On March 22, 2022, Adams signed a two-year contract extension with the Steelers. He went on to play in all 17 regular season games making 12 tackles with one being for a loss as he started in a career high nine games. In 2023, Adams made 11 solo tackles and 13 assisted tackles in 13 games played. He also recorded a forced fumble against the Cleveland Browns. He made his third career post-season appearance on January 15, 2024. He recorded one assisted tackle as the Steelers lost 17-31 to the Buffalo Bills.

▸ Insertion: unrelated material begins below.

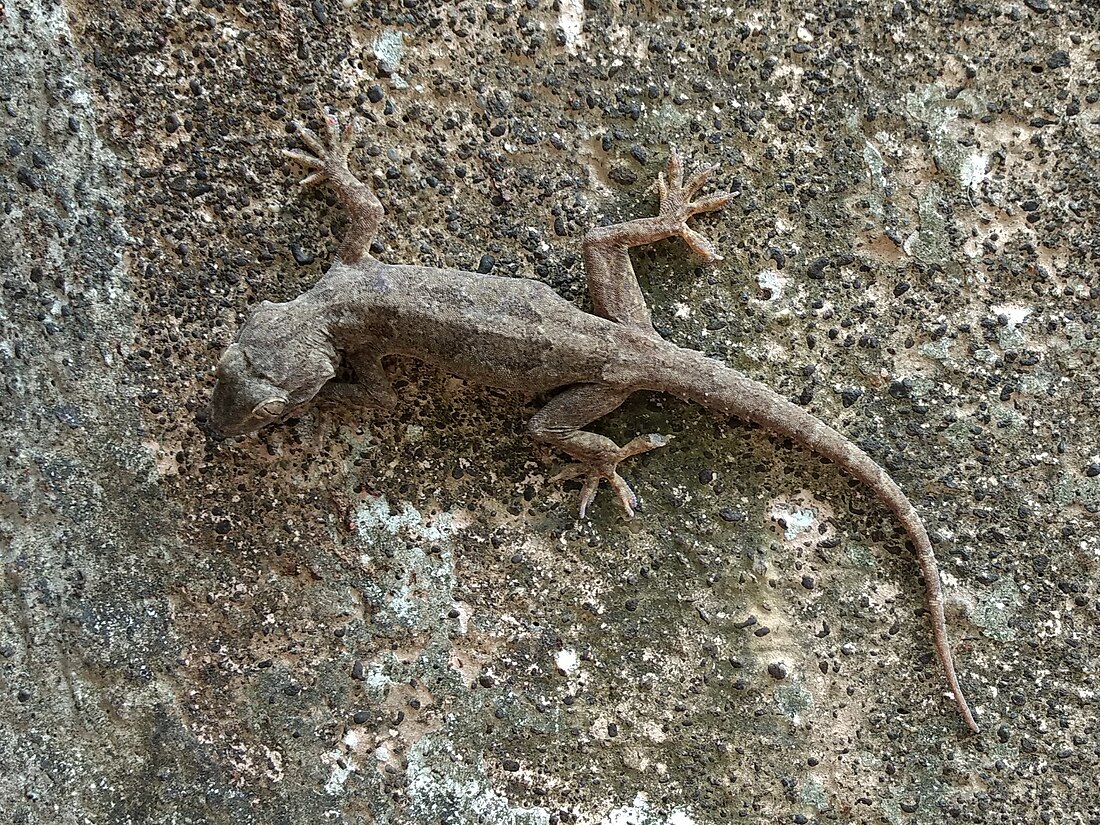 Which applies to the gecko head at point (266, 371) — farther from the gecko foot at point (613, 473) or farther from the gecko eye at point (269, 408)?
the gecko foot at point (613, 473)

On March 19, 2024, Adams re-signed with the Steelers on a two-year contract. He made his first sack as a member of the Steelers on September 8, 2024 against Kirk Cousins as the Steelers defeated the Atlanta Falcons 18-10. In Week 7's victory over the New York Jets, Adams suffered a knee injury that led to him being placed on the team's injured reserve list. He was activated from injured reserve on December 14, 2024.

On April 28, 2025, it was announced that the Steelers were releasing Adams.

==NFL career statistics==

| Year | Team | Games |  | Tackles |  |  |  | Interceptions |  |  |  | Fumbles |  |  |  |
| GP | GS | Comb | Solo | Ast | Sck | PD | Int | Yds | TD | FF | FR | Yds | TD |
| 2017 | GB | 7 | 0 | 2 | 1 | 1 | 0.0 | 0 | 0 | 0 | 0 | 0 | 0 | 0 | 0 |
| 2018 | GB | 16 | 1 | 20 | 11 | 9 | 1.5 | 0 | 0 | 0 | 0 | 1 | 0 | 0 | 0 |
| 2019 | GB | 14 | 2 | 11 | 4 | 7 | 0.0 | 3 | 0 | 0 | 0 | 0 | 1 | 0 | 0 |
| 2020 | GB | 8 | 0 | 11 | 6 | 5 | 0.0 | 0 | 0 | 0 | 0 | 0 | 0 | 0 | 0 |
| 2021 | NO | 5 | 1 | 7 | 1 | 6 | 0.0 | 1 | 0 | 0 | 0 | 0 | 0 | 0 | 0 |
| PIT | 5 | 4 | 8 | 6 | 2 | 0.0 | 1 | 0 | 0 | 0 | 0 | 0 | 0 | 0 |
| 2022 | PIT | 17 | 9 | 26 | 12 | 14 | 0.0 | 1 | 0 | 0 | 0 | 0 | 0 | 0 | 0 |
| 2023 | PIT | 13 | 8 | 24 | 11 | 13 | 0.0 | 1 | 0 | 0 | 0 | 1 | 0 | 0 | 0 |
| 2024 | PIT | 11 | 0 | 14 | 9 | 5 | 1.0 | 0 | 0 | 0 | 0 | 0 | 0 | 0 | 0 |
| Total |  | 96 | 25 | 123 | 61 | 62 | 2.5 | 7 | 0 | 0 | 0 | 2 | 1 | 0 | 0 |
Source: pro-football-reference.com

==Personal life==
Adams has two sons. On April 28, 2017, Adams and his high school sweetheart, Lateisha Gray, had their first child, Montravius Adams, Jr.

Adams is the son of Debbie Young and Bruce Granville.